Biden
The White House was vague on what the criteria was for Biden’s Democracy Summit Image Credit: Gulf News

In the midst of a possibly deadly new wave of Covid fuelled by the omicron variant, a rather strange diplomatic dance unfolded this week with US President Joe Biden hosting a virtual

‘Democracy Summit’ with over 100 countries attending. According to the State Department, the Summit had three key themes — strengthening democracy and defending against authoritarianism; fighting corruption; and promoting respect for human rights.

This has been a pet theme of the Biden administration but it smacks of being sanctimonious, dividing the world into the ‘good guys’ and the ‘bad guys’, aimed largely at China, with the guest list setting the cat among the pigeons. Who qualifies as ‘democratic’ and who doesn’t? The question is even more glaring, just months after the US surrendered meekly to the authoritarian Taliban in Afghanistan.

Arbitrary list

Among those invited to the democracy summit were India, Pakistan, Taiwan, New Zealand, Japan, Iraq, Germany, the European Union and Brazil. China and Russia were not. Neither was Hungary which is part of the EU. Pakistan said ‘no thanks’ on the eve of the summit without citing a specific reason.

China strongly criticised out the meet, with Beijing calling the US handling of Covid ‘botched’, saying it cannot lecture others on its ‘failed model of Western democracy’.

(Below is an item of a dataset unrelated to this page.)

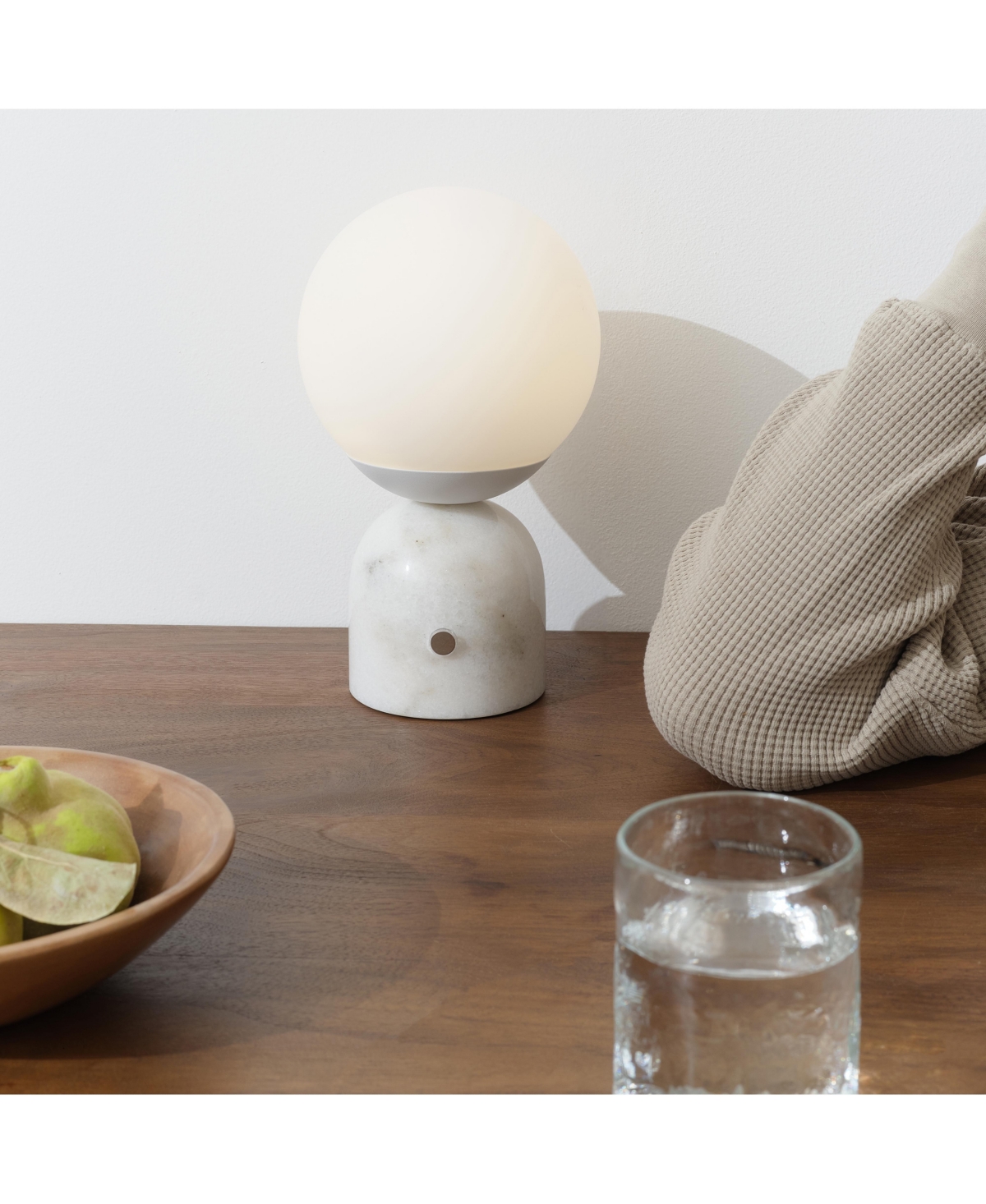 Brightech Mila 10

Many countries were angry at being excluded, while others questioned the democratic credentials of some of those attending. Some have a very poor record on democracy and human rights, others are in a more grey area, while the rest have a stellar record.

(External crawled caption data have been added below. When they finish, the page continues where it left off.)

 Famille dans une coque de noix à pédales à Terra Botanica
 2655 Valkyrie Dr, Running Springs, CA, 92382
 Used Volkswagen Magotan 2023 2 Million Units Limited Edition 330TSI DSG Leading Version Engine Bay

While critics panned the American decision to invite countries like Pakistan and Iraq, others said India’s recent backslides of democracy is concerning.

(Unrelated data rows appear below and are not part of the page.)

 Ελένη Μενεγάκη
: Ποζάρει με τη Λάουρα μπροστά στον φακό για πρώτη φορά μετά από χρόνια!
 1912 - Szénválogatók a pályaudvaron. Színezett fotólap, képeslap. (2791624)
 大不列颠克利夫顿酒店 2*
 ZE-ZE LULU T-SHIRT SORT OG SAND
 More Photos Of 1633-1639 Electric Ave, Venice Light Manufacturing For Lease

India’s Foreign Minister S Jaishankar seemed to set the template earlier this year when he rubbished global standards of what constitutes a democracy saying, “you use the dichotomy of democracy and autocracy … You want the truthful answer, it is hypocrisy … Because you have a set of self-appointed custodians of the world, who find it very difficult to stomach that somebody in India is not looking for their approval … so they invent their rules, their parameters, they pass their judgements”.

Vague approach

Washington has not been able to explain why electoral democracies in South Asia like Bangladesh, Bhutan and Sri Lanka were not invited while the Maldives was. The Hindu reported that US officials admit the numbers were restricted “arbitrarily”.

The White House was vague on what the criteria was for this summit meeting. The White House press secretary recently said “inclusion or an invitation is not a stamp of approval on their approach to democracy — nor is exclusion a stamp of the opposite of that, of disapproval.”

It’s no wonder that geopolitics dominated this summit and not the virtues of democracy.